Film documents tribe’s struggle for recognition

| 08 Sep 2015 | 03:12

When Autumn Wind Scott, chairwoman of the New Jersey Commission on American Indian Affairs, received a phone call from two young filmmakers interested in shooting a documentary about the Ramapough Lenape Nation, she was wary.

“They weren’t the first to come and show interest,” said Scott, a member of the Ramapough and a self-described “gatekeeper” for the tribe, which has about 3,800 registered members and around another 3,000 who are eligible. Many reside just 30 miles outside of Manhattan, in Mahwah and Ringwood, N.J. and neighboring Hillburn, N.Y.

“There have been many to come before them to use the tribe to further their own careers or to gain some type of credential in academia. They took but they left nothing for the tribe and in the majority of cases it was to the detriment of the tribe,” she said.

Director Steven Oritt, 40, one of the filmmakers who reached out to Scott, recalled the vetting process, which included a two-hour meeting with the tribe’s leader, Chief Dwaine Perry, who Oritt described as “all bark and no bite.”

“The first thing he said to me was, ‘Why are you here?’” Oritt remembers. After revealing extensive research and some of the experts in Native American affairs he and producer Corey Bobker lined up for the film, Perry softened.

“In doing my research and getting to know him and the rest of the tribe it made a lot of sense, because they’ve been so burned by so many outside media and individuals who have come in and said they want to tell their story,” said Oritt.

The film “American Native,” which screens on Sept. 12 as part of the Harlem International Film Festival and on Sept. 15 at Regal Cinemas in Union Square, chronicles the Ramapough’s ongoing quest for federal recognition. That status, established by an office within the Department of the Interior and currently held by more than 560 tribes, provides certain benefits, including health care and educational services, economic development programs and the right to self-govern.

The 89-minute film reveals the various hurdles of the federal recognition process, in which cultural identity and heritage must be proven on paper. Perry, who appears throughout the film, sometimes riding his motorcycle, fears that without federal recognition and its protections, their land, in an ever-developing section of the state, will remain in jeopardy.

Conflicts bubble up throughout the film. Kerry Holton, president of the federally recognized Delaware Nation in Anadarko, Okla., opposes the Ramapough’s bid for recognition. Ramapough also bump up against members of a private residential community in Mahwah, where the Ramapough have 13 acres of land. Meanwhile, lawmakers fear that, if granted federally recognized status, the Ramapough will open a casino.

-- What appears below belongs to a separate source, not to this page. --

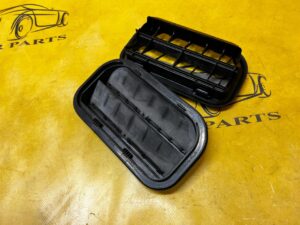 KRATKA WENTYLACYJNA DEKOMPRESYJNA FORD MUSTANG VI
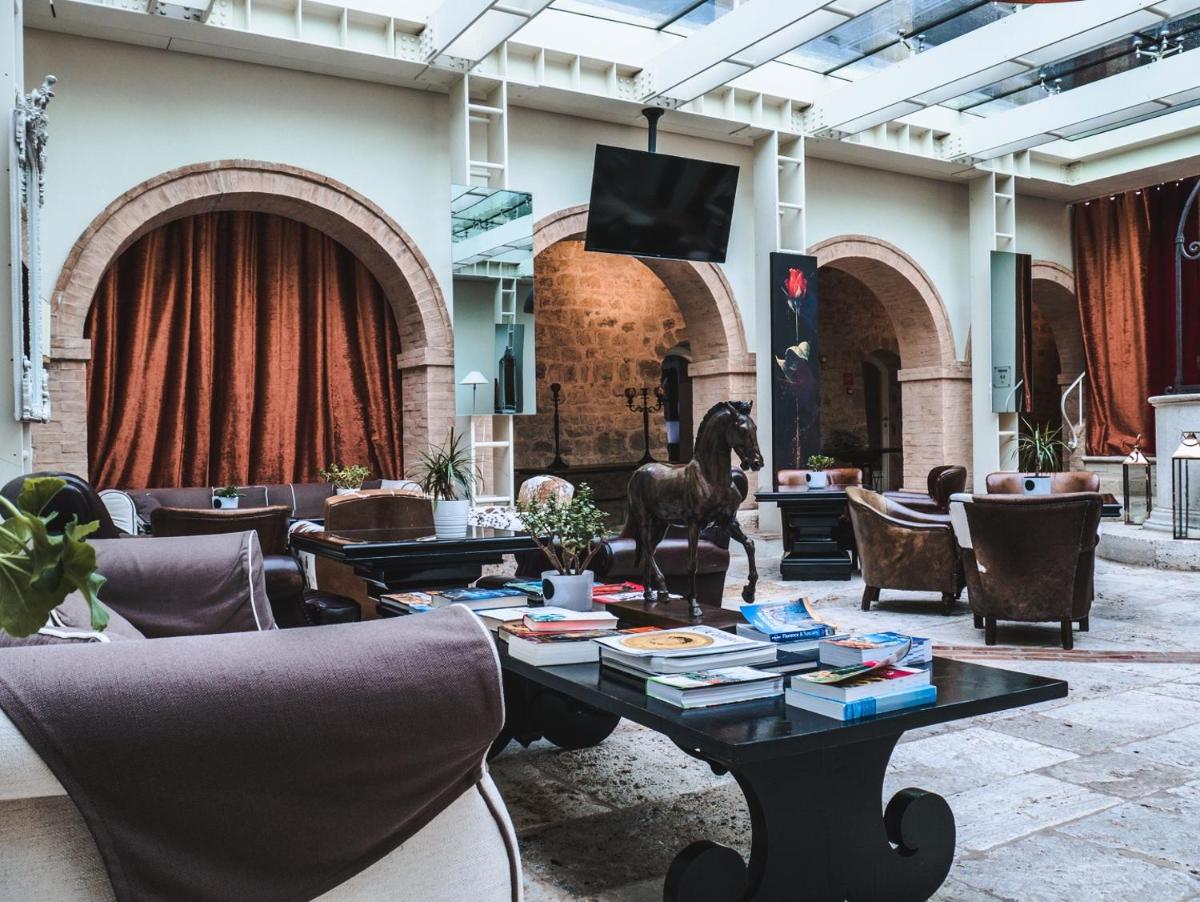 Suitetrails - Castello di Velona Resort, Thermal SPA & Winery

“(Gaming is) the very least of what federal recognition is about,” said Scott. “For the people, it’s really about recognition of who they actually are ... and a lot of people don’t get the psychological effects of being denied your race, your ancestry and your history.”

Oritt remembers filming a scene at a planning board meeting in Poughkeepsie, N.Y., where Perry hoped to discuss the repatriation of the recently discovered remains of a Native American person. A federally recognized tribe in Wisconsin participated via conference call, even though Ramapough members attended the meeting in person.

“What they were going through was real,” Oritt said. “While I had read a lot about the marginalization, I hadn’t experienced it first hand.”

The filmmakers came to the story after hearing local lore about the people who lived in the mountains of New Jersey. Bobker, a New Jersey native, introduced Oritt to a college friend from the area, who asked if he ever heard about an isolated community in the mountains, not far from the island of Manhattan.

A Google search led Oritt to depictions of a group of people that sounded like the “bogeyman,” he said.

“Me not growing up in that area, I didn’t take it seriously,” said Oritt, who grew up in Washington, D.C. “These stories are very pervasive.”

WeirdNJ.com recounts the local lore of a “motley group of social outcasts.” A 2010 New Yorker story “Strangers on the Mountain,” which Oritt remembers as mostly interested in the “salacious” elements as opposed to the very real, immediate issues of land use and federal recognition, showed him just how much of the tribe’s story remained untold.

“Dominant society likes to paint the Native American experience with a very broad stroke brush,” said Oritt. “I was interested in the nuance in Native American culture and Native American rights that aren’t in the forefront.”

Scott, a former fashion model with a deep, raspy voice, lives in Toms River, N.J., about an hour and a half south of Mahwah, where much of the film unfolds. A mother and a grandmother who raises her five-year-old granddaughter, Scott strives to provide her family with a sense of their history. She made genealogy books with names dating back to the late 1500s for each of her three children.

“I wanted them to know how deeply rooted we are,” she said. Now retired from modeling, she sells handmade textiles, jewelry, dolls and other crafts. “That they’re here on the backs of people who have had it rough and still do, and it’s a privilege.”